Where several contracting authorities are jointly conducting a procurement procedure, they should be jointly responsible for fulfilling their obligations under this Directive. However, where only parts of the procurement procedure are jointly conducted by the contracting authorities, joint responsibility should apply only to those parts of the procedure that have been carried out together. Each contracting authority should be solely responsible in respect of procedures or parts of procedures it conducts on its own, such as the awarding of a contract, the conclusion of a framework agreement, the operation of a dynamic purchasing system, the reopening of competition under a framework agreement or the determination of which of the economic operators party to a framework agreement shall perform a given task.This is fleshed out in the rules of reg.38 PCR2015, which starts from a general recognition that two or more contracting authorities may agree to perform certain specific procurements jointly [reg.38(1) PCR2015] and determines that, in that case, two scenarios need to be distinguished.
First, shared responsibility scenarios whereby all participating contracting authorities are jointly responsible for fulfilling their obligations under Part 2 of the PCR2015. These scenarios cover both (i) cases where the conduct of a procurement procedure is carried out in its entirety jointly in the name and on behalf of all the contracting authorities concerned; and (ii) cases where one contracting authority manages the procedure, acting on its own behalf and on the behalf of the other contracting authorities concerned [regs.38(2) & (3) PCR2015].
Second, mixed responsibility scenarios where the conduct of a procurement procedure is not in its entirety carried out in the name and on behalf of the contracting authorities concerned, in which case they will be jointly responsible only for those parts carried out jointly, and each contracting authority shall have sole responsibility for the parts it conducts in its own name and on its own behalf [reg.38(4) PCR2015].
Interestingly, these rules partially deviate from those applicable to contracting authorities that resort to centralised purchasing bodies, in which case they do not assume liability/responsibility for the activity of the centralised purchasing body [reg.37(4) PCR2015], but exclusively for the activites they carry out directly, such as direct call-offs or awards under framework agreements or dynamic purchasing systems operated by the central purchasing body [reg.37(6) PCR2015]. This is bound to limit significantly the attractiveness of occasional joint procurement if the contracting authorities have the "liability-free" alternative of resorting to the central purchasing bodies without assuming any direct intervention in the procurement process.

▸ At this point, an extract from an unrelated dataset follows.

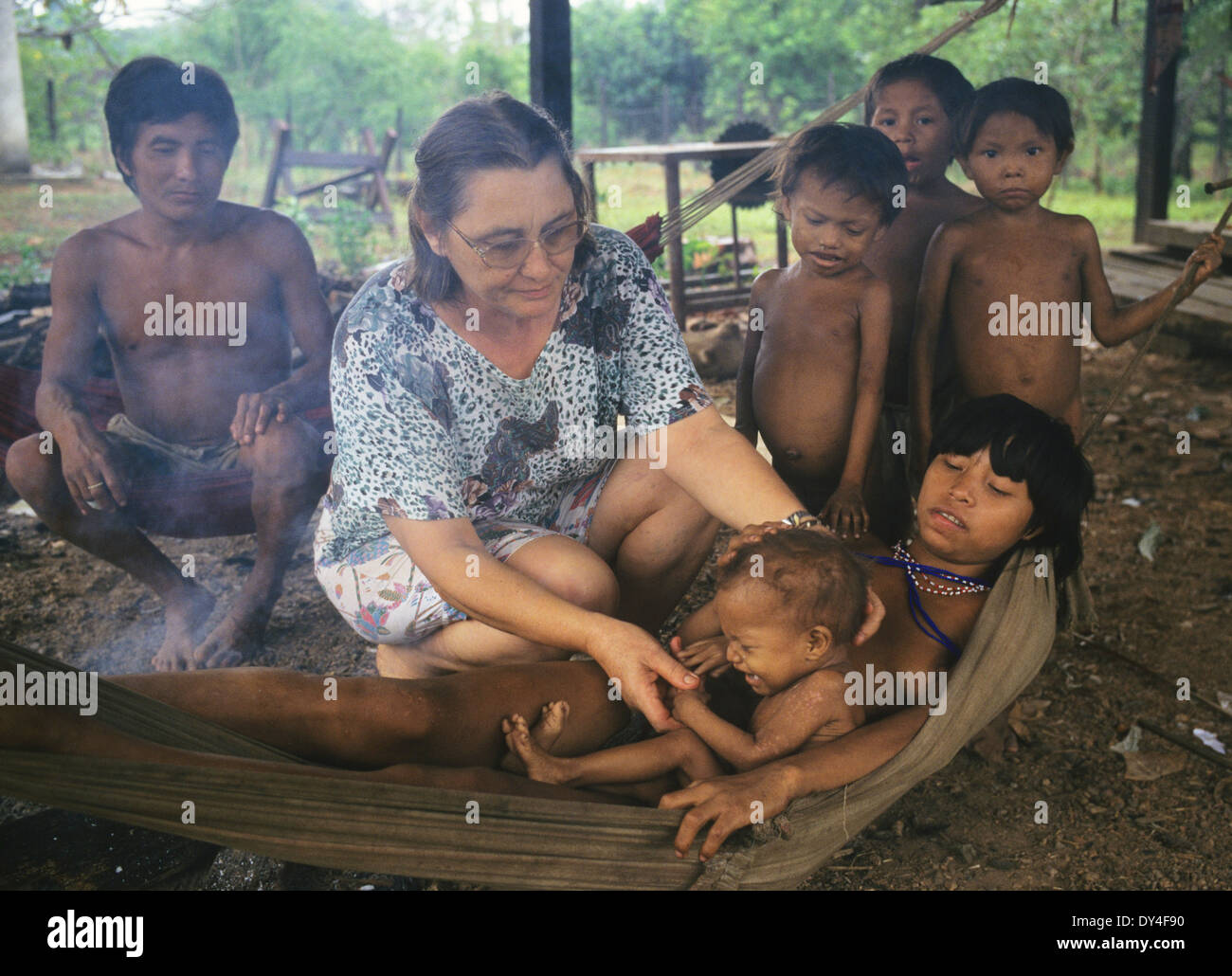 Malaria-Opfer leiden. Kind leidet an Malaria, Yanomami-Familie. Boa Vista, Roraima Provinz, Brasilien, Südamerika Stockfoto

In any case, it is worth stressing that the rules in reg.38 PCR2015 are quite intuitive and seem to strive for "institutional fairness" in the allocation of responsibility for the conduct of occasional joint procurement. However, they cannot be applied without difficulty. One problematic aspect will be to determine exactly which contracting authority is responsible for which part(s) of a specific tender procedure, both internally and externally. Internally, the issue may not be too problematic beyond an operational level, as the contracting authorities will actually have to determine which one does what, at least on a step by step process.
However, externally, the distinction needs to be particularly clear in order to avoid eroding procedural rights and legitimate expectations of tenderers (particularly if damages are susceptible of arising and being claimed against the contracting authorities). Having a situation where tenderers need to claim against both (or all) contracting authorities in order to avoid being left unsatisfied because the review court/authority determines that the specific procedural or substantive error (conveniently?) fell under the scope of obligations of the other contracting authority would simply deactivate the rules under reg.38(4) PCR2015 and any expected benefits.

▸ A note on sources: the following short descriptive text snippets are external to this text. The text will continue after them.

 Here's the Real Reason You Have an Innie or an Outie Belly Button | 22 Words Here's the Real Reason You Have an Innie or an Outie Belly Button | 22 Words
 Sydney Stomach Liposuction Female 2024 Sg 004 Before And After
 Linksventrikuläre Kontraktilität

Another problematic area will be the need to develop rules on allocation of liability between contracting authorities, particularly if it is insurable or insured, since the final allocation of liability will not be neutral from the perspective of the internal coverage by the contracting authorities (or their insurers). Hence, this is an area where public law solutions to issues of intra-public sector liability will be needed in the near future. From my limited perspective and knowledge of the common law approach, this sounds like contracting authorities potentially exercising (directly, or by their insurers through surrogation) private(?) liability claims against each other.

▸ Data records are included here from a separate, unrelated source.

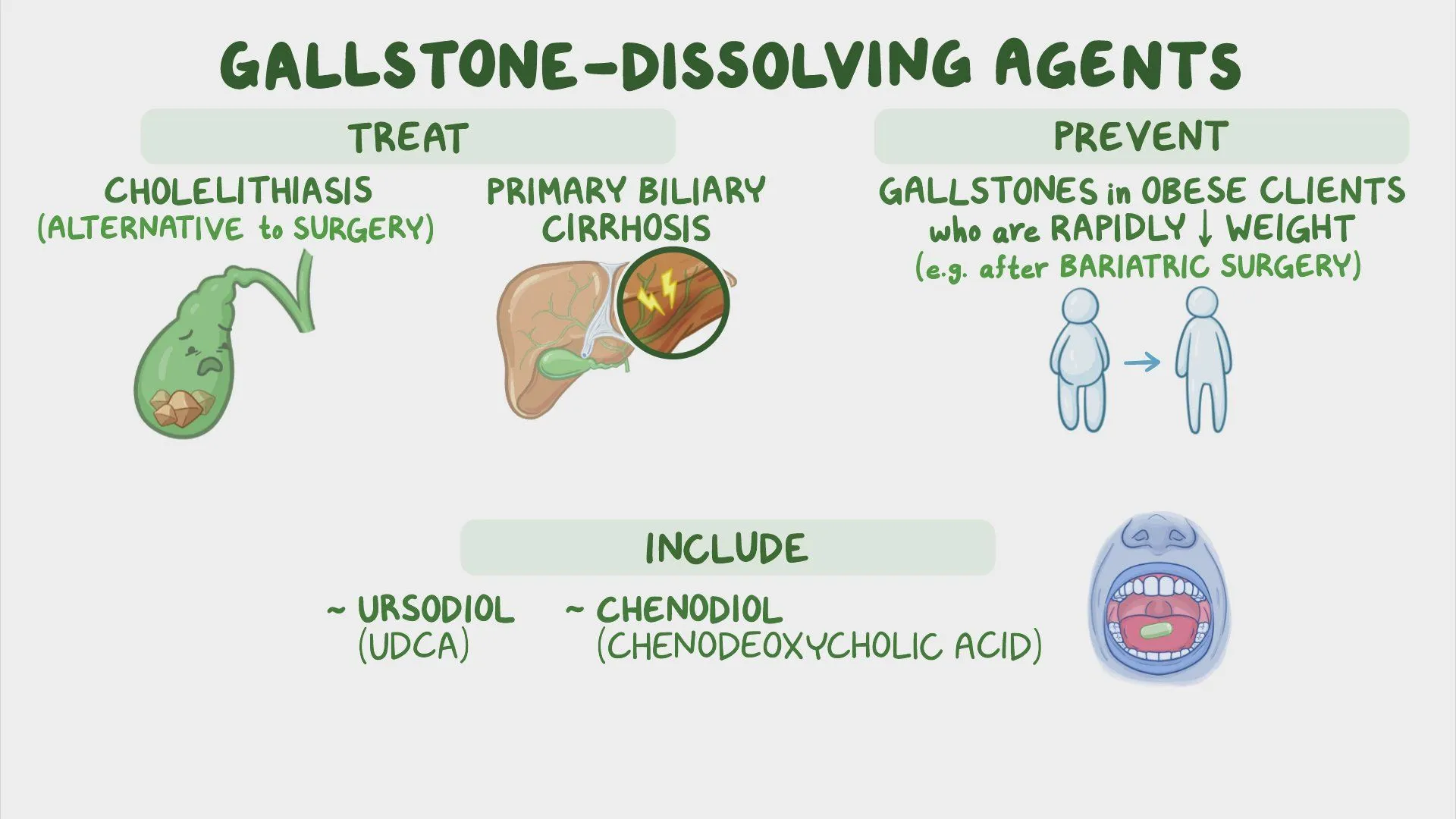 Gallstone-dissolving agents:UDCA Gallstone-dissolving agents:UDCA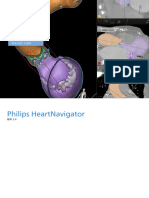 Philips HeartNavigator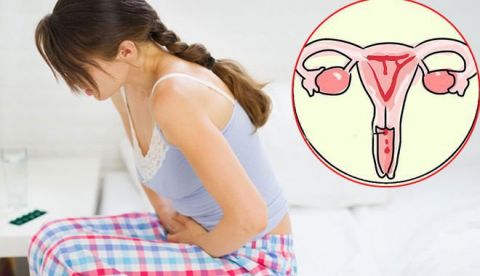 Hội chứng xung huyết vùng chậu là một trong những nguyên nhân phổ biến dẫn đến tình trạng đau vùng chậu mãn tính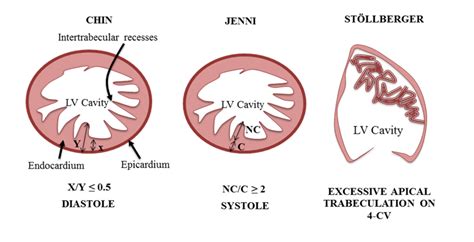 lv noncompaction|lv noncompaction criteria.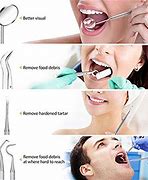 Image result for How to Use Dental Scaler at Home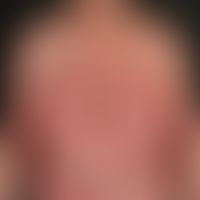 Psoriasis pustulosa generalisata: bei bekannter, bisher nur diskret ausgebildeter&nbsp;Psoriasis,...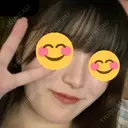 隆鼻術 / 鼻尖形成（切開） / 鼻中隔延長（切開） / 軟骨移植 R Beauty CLINIC 銀座院 DAY 113 サムネイル用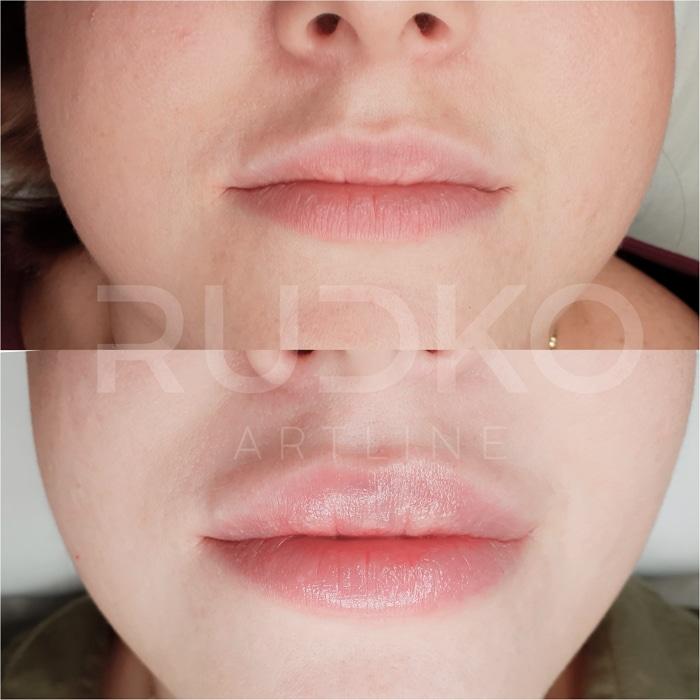 филлеры до и после фото киев губы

In my view, it would have been positive for reg.38 PCR2015 to set some solutions to these difficulties. The limitation to the transposition of Art 38 Dir 2014/24 leaves these gaps unfilled and may result in a de facto extension of the joint and several responsibility/liability to all cases [ie also in reg.38(4) PCR2015 scenarios], without necessarily implying the following re-allocation through public-to-public liability claims. That could significantly limit the incentive for joint occasional procurement. Pedro has a similar view (see here).